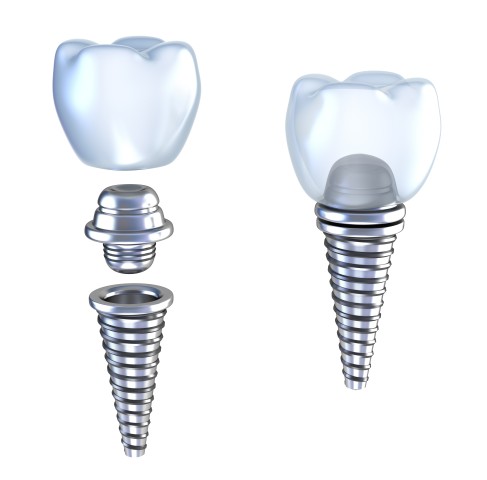 Structure of a Dental Implant | Commonwealth OFS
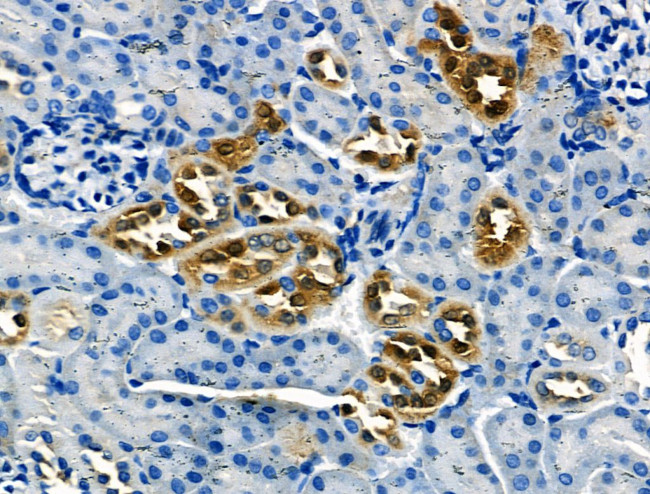 Pan Ras Antibody in Immunohistochemistry (Paraffin) (IHC (P))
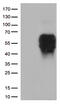 B And T Lymphocyte Associated antibody, CF812582, Origene, Western Blot image 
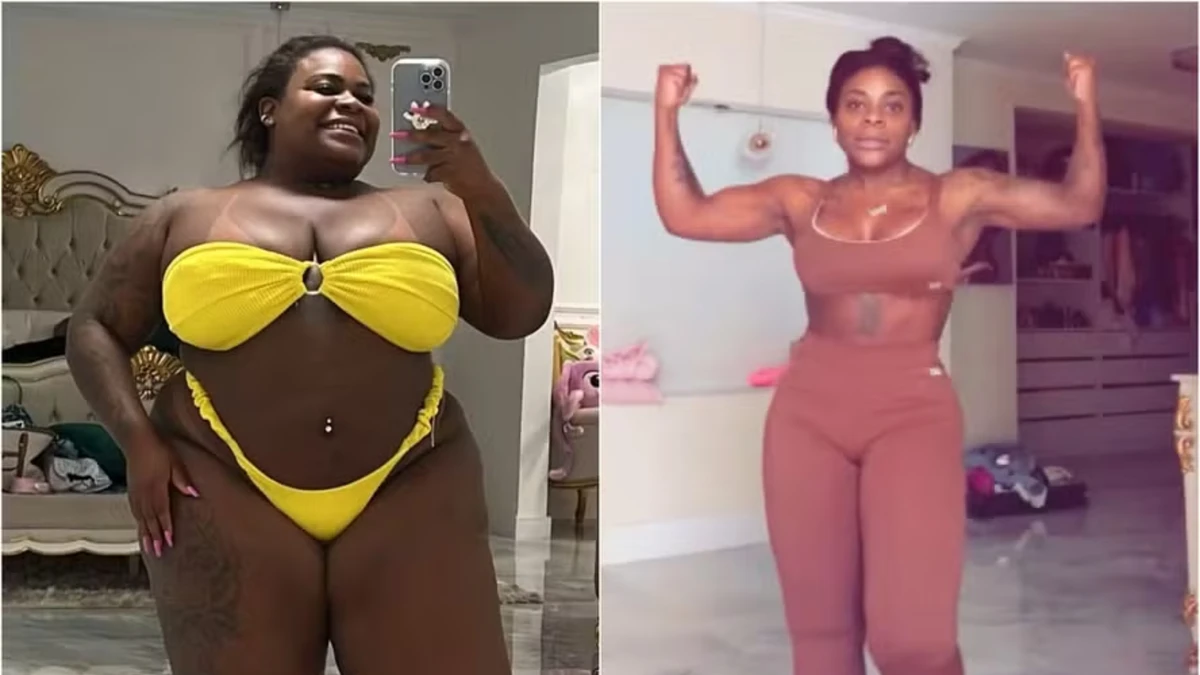 A cantora passou por cirurgia bariátrica, além de outros procedimentos para remover o excesso de pele resultante da perda de peso, como abdominoplastia e lipoaspiração. Também passou a adotar hábitos saudáveis e exercícios por Reprodução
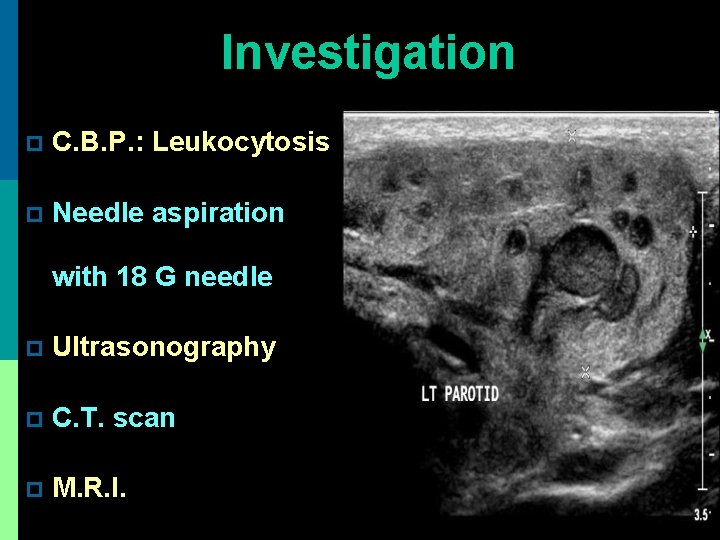 Investigation p C. B. P. : Leukocytosis p Needle aspiration with 18 G needle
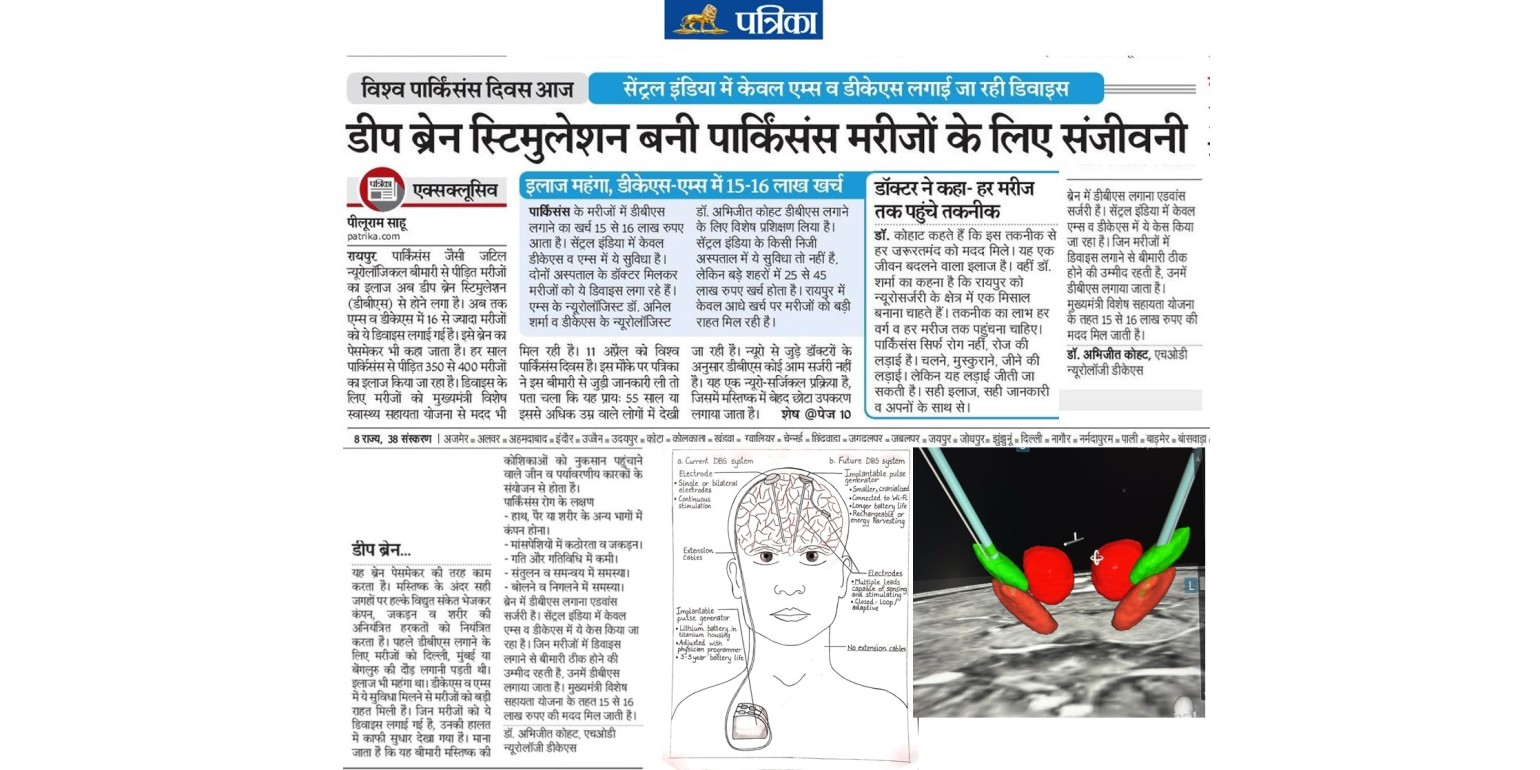 Deep Brain Stimulation Surgery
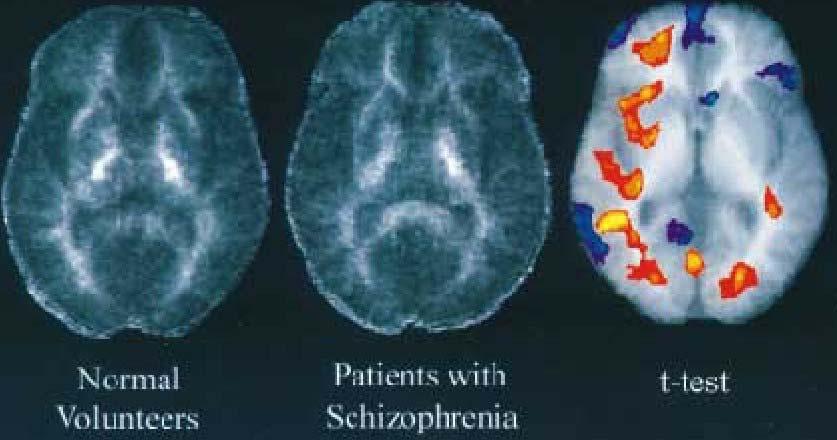 Frontal area in schizophrenia (Buchsbaum, Tang et al. 1998) Decreased in schizophrenia Buchsbaum, Tang et al. (1998): statistical mapping Lim, Hedehus et al.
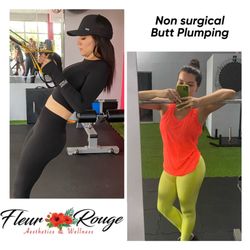 Fleur Rouge Aesthetics & Wellness MedSpa - Butt Plumping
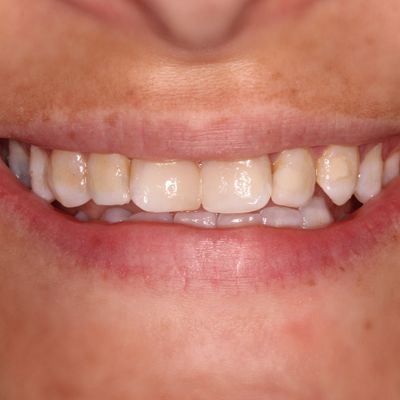 Composite Veneers - Smile 1 before
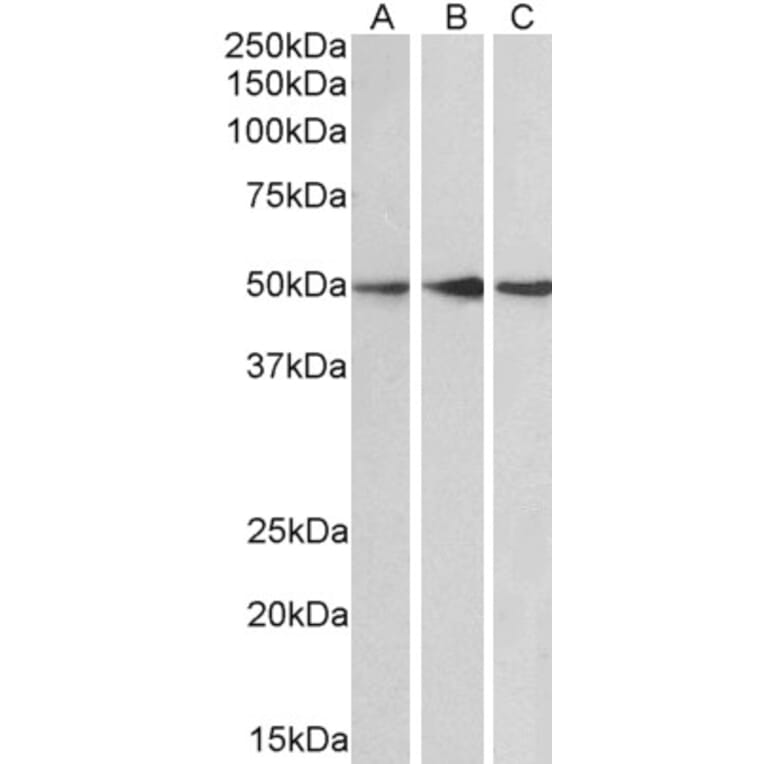 Western Blot - Anti-PPP2R5E Antibody (A83793) - Antibodies.com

- **Task description**
I need the lines from the line holding "Fleur Rouge Aesthetics" through the end of the material, inclusive, restated word for word and without pictures.

- **Written reply**
 Fleur Rouge Aesthetics & Wellness MedSpa - Butt Plumping
 Composite Veneers - Smile 1 before
 Western Blot - Anti-PPP2R5E Antibody (A83793) - Antibodies.com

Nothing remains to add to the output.